Over 2000 years ago the Roman historian Tacitus observed that “Victory is claimed by all”—or, as some translations put it, “Success has many fathers.” Open source is similar.
For example, Amazon Web Services (AWS) recently worked with Grafana Labs to build and launch a managed Prometheus service—two companies joining together to deliver the open source monitoring software as a cloud service. Sounds simple, right?
To get to that Prometheus service a number of different companies and open source communities played a part: SoundCloud, which gave birth to Prometheus; Hyperic, the inspiration behind Cortex (by way of Scope); SpringSource, which recognised the business value in monitoring. Oh, and at the center of everything, Weaveworks, the company perhaps best known for GitOps but which also created Cortex.
Buried in the history of Cortex is a lesson in apportioning open source credit. The tl;dr? It’s complicated. It’s also diffuse. And it’s exactly how open source is supposed to work.
Money and open source
In the case of Cortex, it really started with money.
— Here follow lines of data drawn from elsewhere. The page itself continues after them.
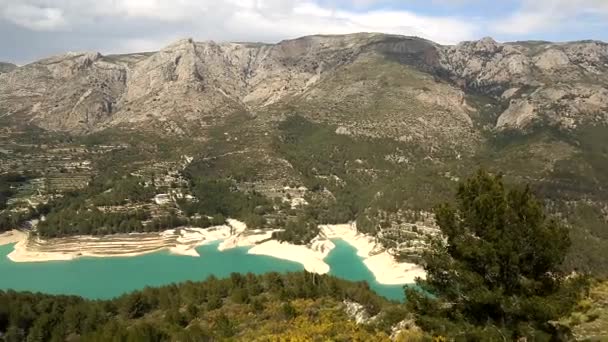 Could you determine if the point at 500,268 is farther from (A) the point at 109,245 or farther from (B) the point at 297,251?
(A) the point at 109,245

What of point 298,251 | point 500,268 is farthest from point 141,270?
point 500,268

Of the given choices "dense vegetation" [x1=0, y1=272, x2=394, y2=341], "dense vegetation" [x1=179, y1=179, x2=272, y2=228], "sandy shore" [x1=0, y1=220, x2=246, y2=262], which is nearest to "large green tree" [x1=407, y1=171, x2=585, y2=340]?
"dense vegetation" [x1=0, y1=272, x2=394, y2=341]

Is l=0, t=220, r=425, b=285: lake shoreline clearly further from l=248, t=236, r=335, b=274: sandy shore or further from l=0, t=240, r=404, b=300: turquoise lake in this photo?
l=0, t=240, r=404, b=300: turquoise lake

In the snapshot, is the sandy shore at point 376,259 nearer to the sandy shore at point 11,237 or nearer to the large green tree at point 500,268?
the large green tree at point 500,268

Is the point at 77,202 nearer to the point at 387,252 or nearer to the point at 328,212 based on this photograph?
the point at 328,212

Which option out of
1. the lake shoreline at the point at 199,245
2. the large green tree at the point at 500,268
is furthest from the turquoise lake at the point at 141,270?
the large green tree at the point at 500,268

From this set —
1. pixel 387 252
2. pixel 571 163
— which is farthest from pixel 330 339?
pixel 571 163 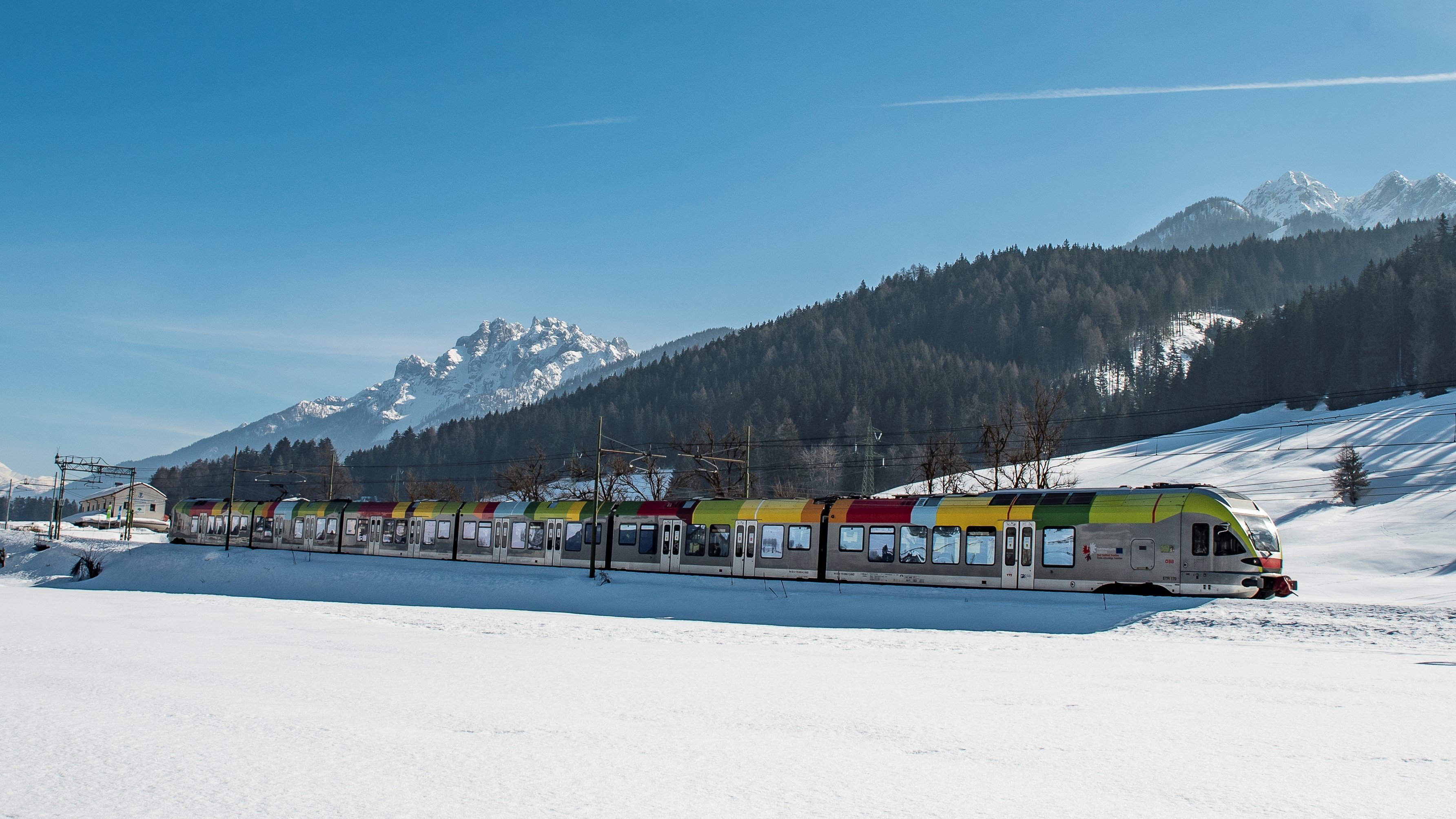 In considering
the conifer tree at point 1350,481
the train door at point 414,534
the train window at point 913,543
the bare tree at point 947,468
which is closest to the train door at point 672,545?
the train window at point 913,543

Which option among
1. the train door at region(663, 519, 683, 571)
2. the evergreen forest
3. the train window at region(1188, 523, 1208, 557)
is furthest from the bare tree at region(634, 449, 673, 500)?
the train window at region(1188, 523, 1208, 557)

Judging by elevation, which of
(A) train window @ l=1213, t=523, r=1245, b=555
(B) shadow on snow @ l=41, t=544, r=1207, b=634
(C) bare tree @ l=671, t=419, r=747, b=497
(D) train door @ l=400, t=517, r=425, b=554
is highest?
(C) bare tree @ l=671, t=419, r=747, b=497

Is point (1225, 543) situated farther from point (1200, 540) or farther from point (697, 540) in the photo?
point (697, 540)

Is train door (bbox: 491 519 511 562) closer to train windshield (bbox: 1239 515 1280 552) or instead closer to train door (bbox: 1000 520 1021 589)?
train door (bbox: 1000 520 1021 589)

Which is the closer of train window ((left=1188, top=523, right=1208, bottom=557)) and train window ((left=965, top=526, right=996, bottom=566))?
train window ((left=1188, top=523, right=1208, bottom=557))

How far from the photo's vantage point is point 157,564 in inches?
2120

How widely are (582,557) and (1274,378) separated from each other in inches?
4288

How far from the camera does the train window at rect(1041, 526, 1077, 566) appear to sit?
1129 inches

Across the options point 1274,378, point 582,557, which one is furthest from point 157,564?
point 1274,378

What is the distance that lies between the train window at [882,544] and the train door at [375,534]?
1248 inches

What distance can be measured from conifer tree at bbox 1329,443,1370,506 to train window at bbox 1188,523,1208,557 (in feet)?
125

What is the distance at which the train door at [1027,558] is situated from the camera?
96.2 ft

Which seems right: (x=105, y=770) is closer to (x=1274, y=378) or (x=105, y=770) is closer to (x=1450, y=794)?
(x=1450, y=794)

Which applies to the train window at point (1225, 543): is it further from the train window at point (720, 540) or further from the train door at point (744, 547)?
the train window at point (720, 540) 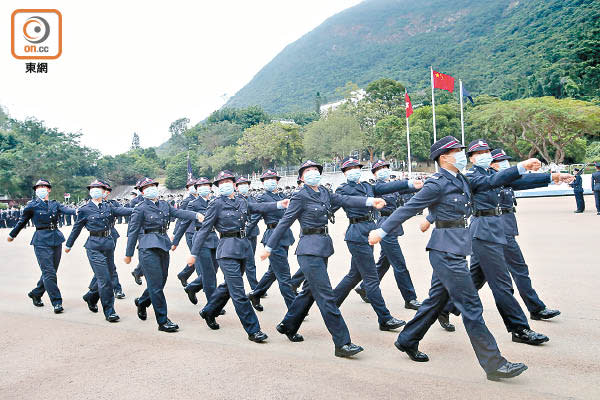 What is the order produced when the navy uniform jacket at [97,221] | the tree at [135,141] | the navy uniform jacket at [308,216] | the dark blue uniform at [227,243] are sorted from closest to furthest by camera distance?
the navy uniform jacket at [308,216]
the dark blue uniform at [227,243]
the navy uniform jacket at [97,221]
the tree at [135,141]

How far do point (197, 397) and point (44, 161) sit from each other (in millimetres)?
56557

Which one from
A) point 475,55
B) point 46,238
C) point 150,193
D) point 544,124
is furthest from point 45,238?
point 475,55

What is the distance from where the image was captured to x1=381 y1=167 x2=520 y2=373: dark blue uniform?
4.30 meters

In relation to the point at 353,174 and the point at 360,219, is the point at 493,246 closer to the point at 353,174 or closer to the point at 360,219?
the point at 360,219

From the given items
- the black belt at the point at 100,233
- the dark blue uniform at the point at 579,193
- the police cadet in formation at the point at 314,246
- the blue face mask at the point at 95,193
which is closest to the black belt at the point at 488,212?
the police cadet in formation at the point at 314,246

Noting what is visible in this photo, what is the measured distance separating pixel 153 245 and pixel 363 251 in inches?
107

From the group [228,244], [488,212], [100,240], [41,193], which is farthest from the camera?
[41,193]

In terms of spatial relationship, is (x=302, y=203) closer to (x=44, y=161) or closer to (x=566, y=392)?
(x=566, y=392)

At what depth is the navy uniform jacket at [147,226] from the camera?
21.5 ft

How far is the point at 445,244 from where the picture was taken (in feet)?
14.6

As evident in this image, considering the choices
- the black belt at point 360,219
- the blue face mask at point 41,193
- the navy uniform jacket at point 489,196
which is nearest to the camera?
the navy uniform jacket at point 489,196

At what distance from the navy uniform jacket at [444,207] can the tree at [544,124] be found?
1551 inches

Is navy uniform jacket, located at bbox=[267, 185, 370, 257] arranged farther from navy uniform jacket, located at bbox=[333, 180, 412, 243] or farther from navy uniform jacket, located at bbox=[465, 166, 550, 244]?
navy uniform jacket, located at bbox=[465, 166, 550, 244]

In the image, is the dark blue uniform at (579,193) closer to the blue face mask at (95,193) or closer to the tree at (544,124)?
the blue face mask at (95,193) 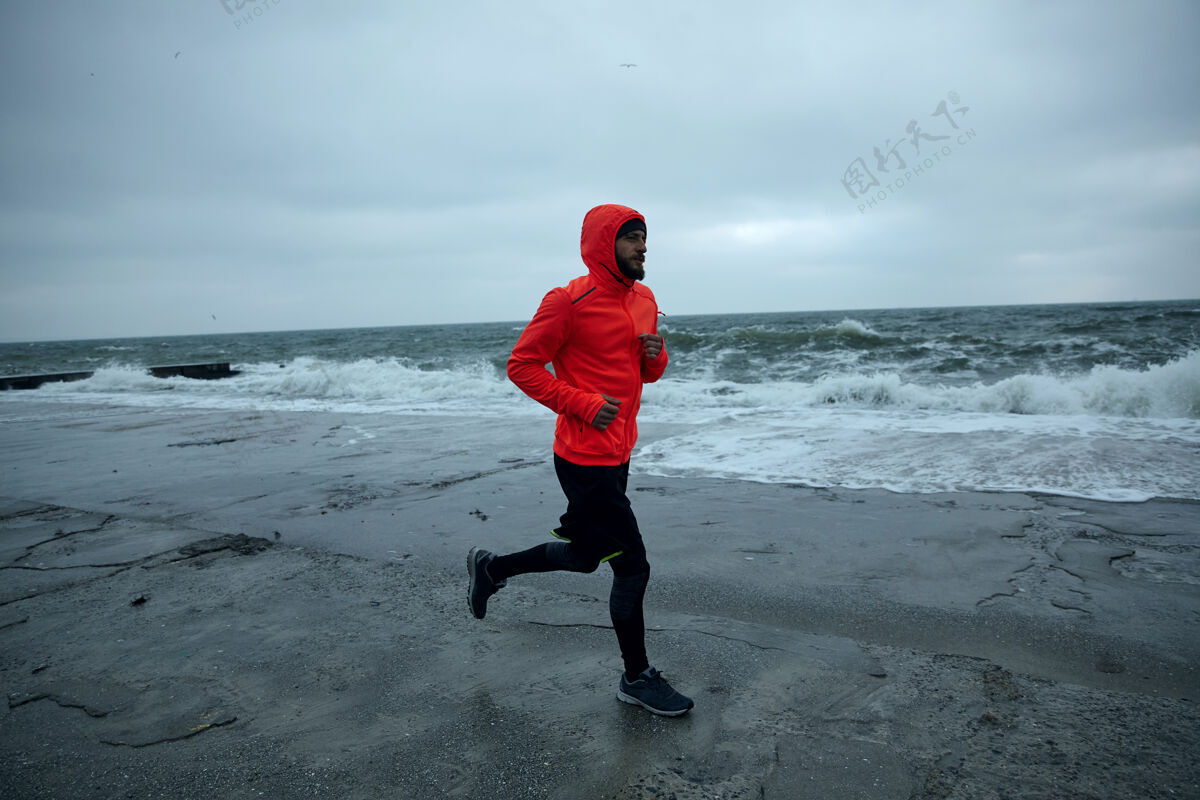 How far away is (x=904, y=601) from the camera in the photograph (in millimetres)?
3186

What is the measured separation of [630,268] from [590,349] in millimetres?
323

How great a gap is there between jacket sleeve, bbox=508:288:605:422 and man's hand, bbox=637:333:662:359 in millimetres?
290

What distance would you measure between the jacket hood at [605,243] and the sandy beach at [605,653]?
1462mm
Or, rather, the need to make money.
As Weaveworks CEO Alexis Richardson put it in an interview, “I remember having a conversation with Rod [Johnson, SpringSource CEO], and he said his biggest business regret in terms of the path SpringSource had taken was not acquiring Hyperic immediately and letting it grow in value…. That remark burned itself in my head.”
As Richardson tells it, it became clear to him that the key to monetising open source was through monitoring and management, something that eventually led him to leave Pivotal, where he ran the Spring and vFabric products (not to mention others, like RabbitMQ) and start Weaveworks in 2014.
Richardson figured the Docker container world would play out similar to the Spring application market: monitoring and management would matter. This gave rise to Weave Scope, a way of visualising Docker hosts, containers, and services in real time. Scope is a cool open source project. But I’m getting ahead of myself, because Scope didn’t start at Weaveworks. Not really.
While Weaveworks had been thinking through ways to map and visualise containerised applications, they interviewed former SoundCloud engineer Peter Bourgon and discovered he’d been working on the side on some ideas that closely matched their own.
While at SoundCloud, Bourgon teamed up with his friend David Kaltschmidt (then running his own company, Type Type Type) on a monitoring and visualisation solution that caught Richardson’s eye. Both joined Weaveworks, and their early monitoring work became Scope.
Scope was great, but could be better with metrics. Bourgon, fresh from his time at SoundCloud, steeped in Prometheus, agitated for the company to embrace Prometheus as a way to deliver those metrics.
The problem with adding Prometheus to Scope, however, was that someone had to pay to spin up an Amazon EC2 instance every time they wanted to see metrics for their app. It could get pricey. Weaveworks’ Cortex journey started with the need to make money (Prometheus!), and now the company needed to figure out how to save money to make its service palatable (not Prometheus!).
The company needed to try something different. It needed a service that looked like Prometheus but allowed Weaveworks to offer Prometheus-like metrics without incurring the cost of spinning up Prometheus instances whenever someone wanted to look at those metrics.
A different way to spin Prometheus
That “something different” was Cortex, which used a radically different design. Cortex, says Richardson, brings in “a bunch of code from Prometheus, but it’s more like Apache Cassandra in its approach.” That is, it has shared nothing, sharded attributes, with all the data going to different points on the system, without cooperating to get the data stored. The Weaveworks service looked like and could connect to Prometheus, using the same style of metrics, but was architected differently.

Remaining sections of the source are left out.